The key to good design is straightforward in Carrig’s mind. “Logical simplicity and function. Outstanding uncompromising craftsmanship,” he said.

It is cliché amongst designers to suggest ‘form and function’ as the two fundamental aspects of design. Carrig acknowledges this; however, he suggests that flexibility is another vital element in the design recipe.

“Danish design is more than just two words.”

Having been in the design industry for so long, Carrig has been watching technology changes how things are done in his workplace.

“Digital technology has opened up the world completely, and it takes all your time to keep up. No longer does the design fraudster have to physically see an article – they can guess the proportions of the design. Whilst the fundamentals of doing business are much the same, it seems more complex than before. The market is less inclined to plan.”

Carrig regularly stays with friends and visits suppliers in Denmark to stay up to date with changes in the Danish design scene. There are some notable trends he’s observed in the last few years.

“We are seeing more and more furniture that is certified fit for purpose and the vast majority of the chairs are made of components that are totally recyclable,” he said.

“Companies that used to be focused on accessories have now branched into furniture and lighting.

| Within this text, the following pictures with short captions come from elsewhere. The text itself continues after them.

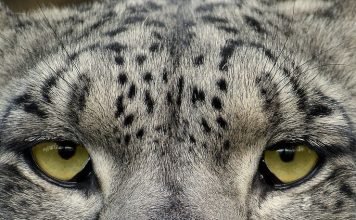 Снежный барс. Тихой поступью по скалам…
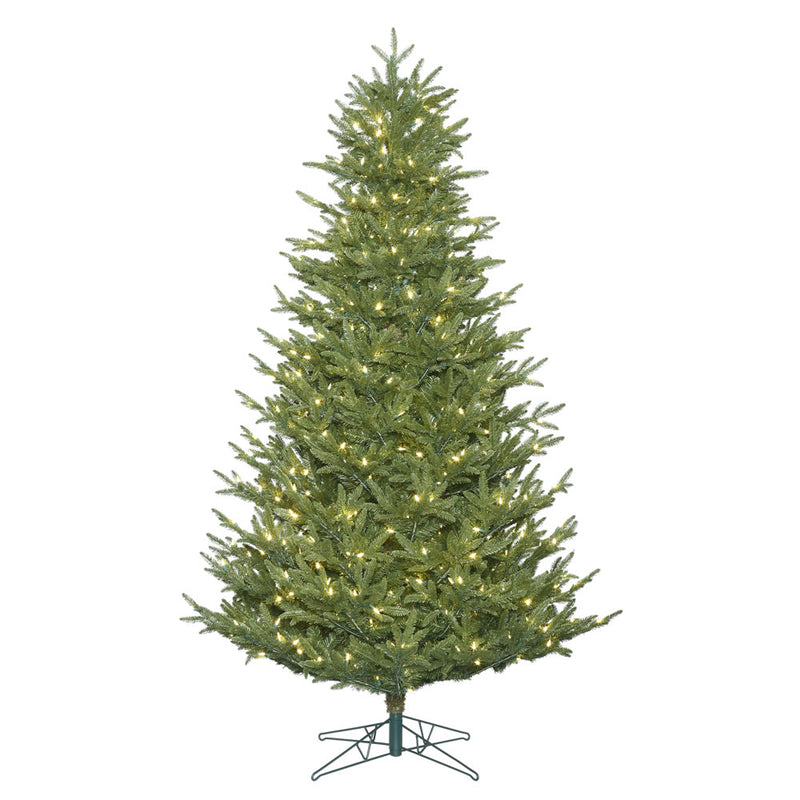 Deluxe Frasier Fir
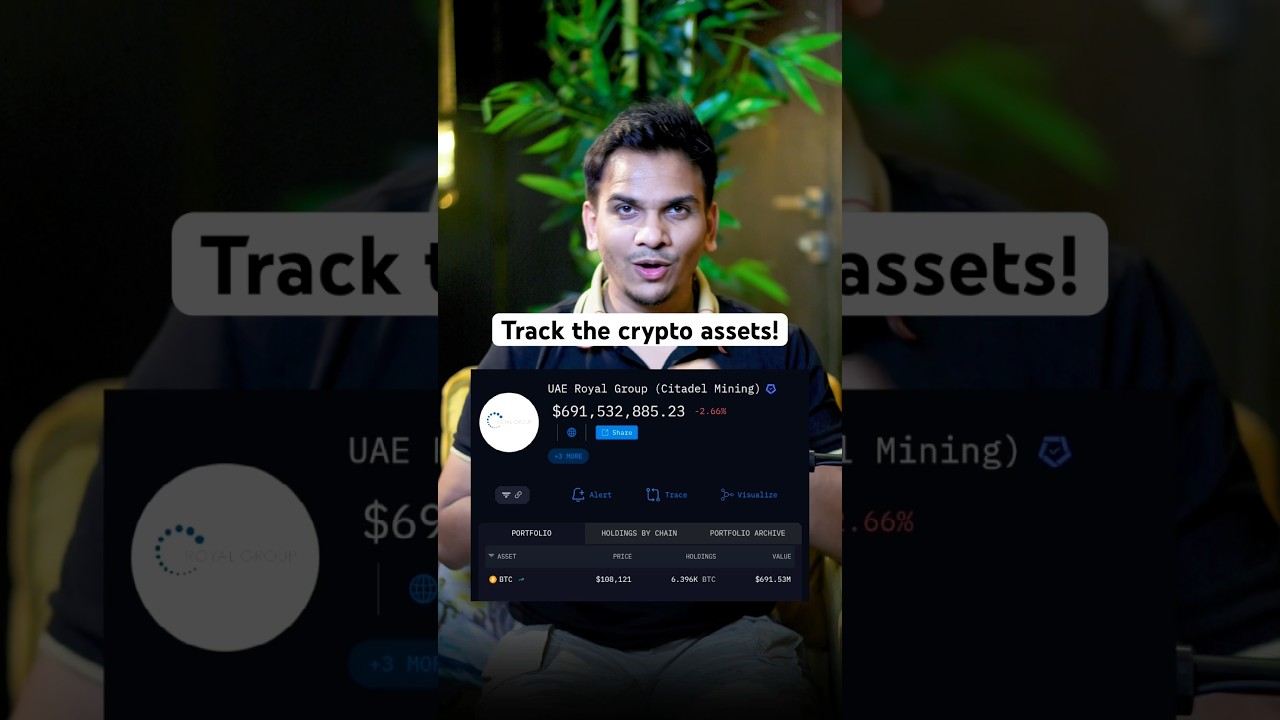 Monitoring Cryptocurrency Holdings of Nations and Corporations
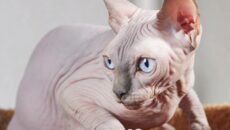 Most Popular Hairless and Unique Cat Breeds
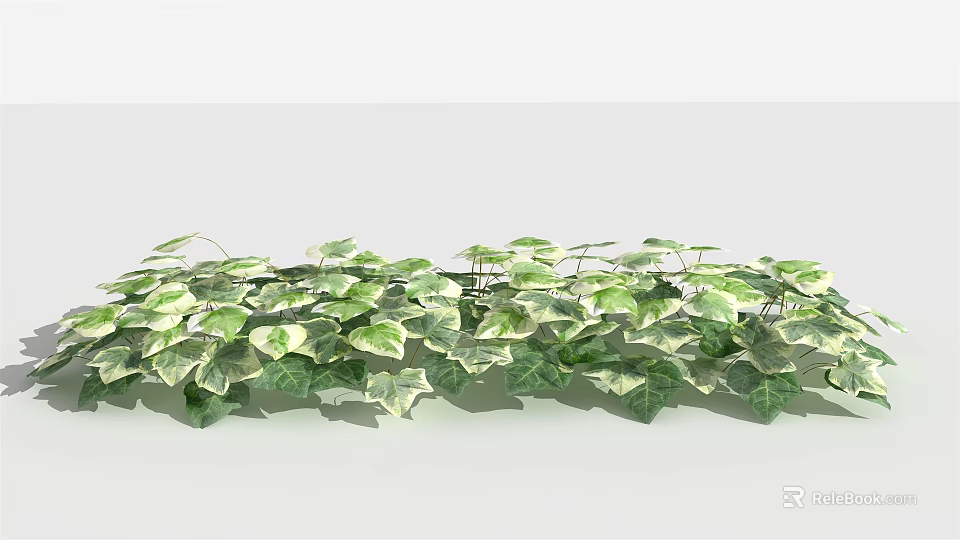 Lush Green Ivy Plants With Heart Shaped Leaves In Natural Growth 3d model 
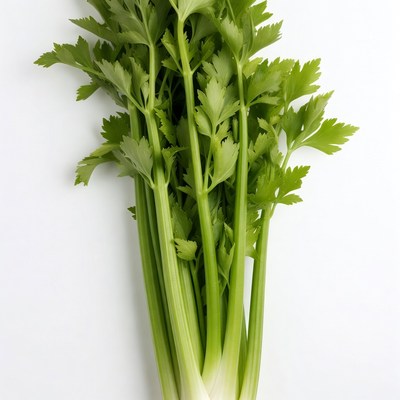 Fresh Celery Stalks on White Background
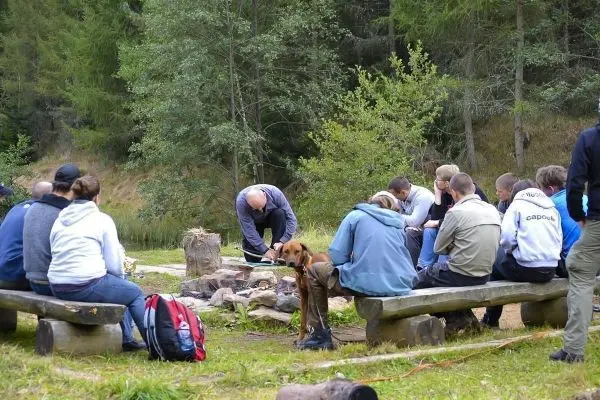 Gruppe sitzt auf Bänken um ein Lagerfeuer, Hund beobachtet die Umgebung
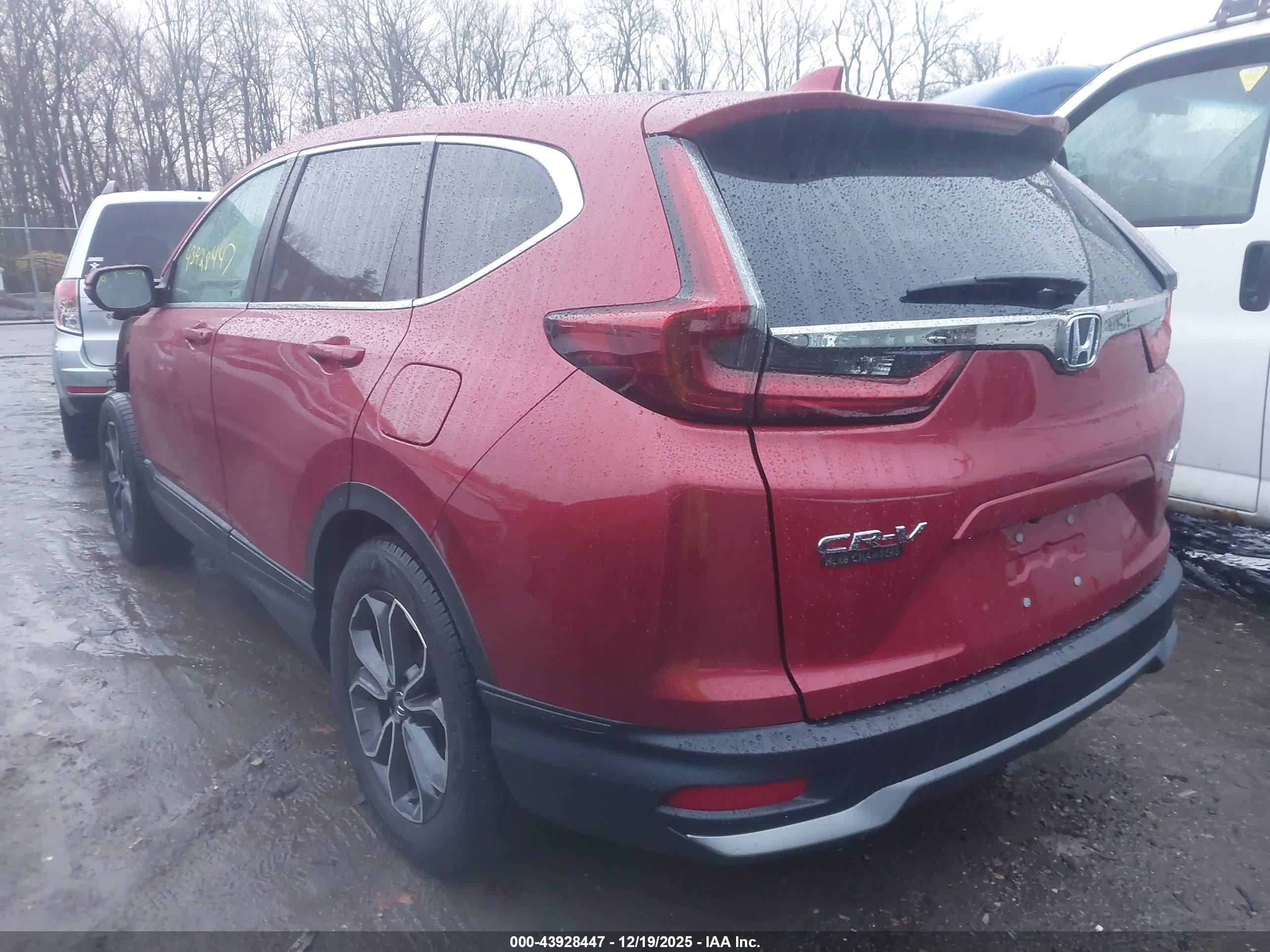 HONDA CR-V image 3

We have seen so many new design houses emerge in our time in business.”

The most significant challenges in hotel design for Design Denmark evolve around budget constraints and awareness of the importance of quality products.

“In other words, think of function past the design mood board. There is a lot of talk about sustainability. Sustainability is a journey and not a destination.”

Denmark has been a world-leader in the hotel design for decades. When the Royal Copenhagen opened in 1960, it was the city’s first skyscraper, but more importantly, it was the world’s first design hotel. Designed by legendary Danish architect and designer Arne Jacobsen, the hotel was a total work of art – Jacobsen painstakingly chose everything from the exterior façade to the stainless-steel cutlery. The history, functionality, and simplicity of Danish hotel design are at the core of what makes Design Denmark special.

Of all pieces Design Denmark works with, chairs are at the top of Carrig’s list.

“Danish designers probably design more chairs than any other country. Because of their corporate canteen culture, there are any amount of options. Some designs have over 25,000 variants.”

He believes quality FF&&E is missing from the hotel design scene and is concerned that many hoteliers are short-sighted with their investments.

“There have been a number of hotels that have opened in Auckland in the past 18 months where pieces of furniture have had to be changed due to it being either impractical or not of an acceptable quality.”

Design Denmark has a broad market appeal thanks to the brands it represents for furniture, lighting, oils, textiles and accessories. Its crucial point of difference is its singular focus on Danish design, with many iconic and emerging brands.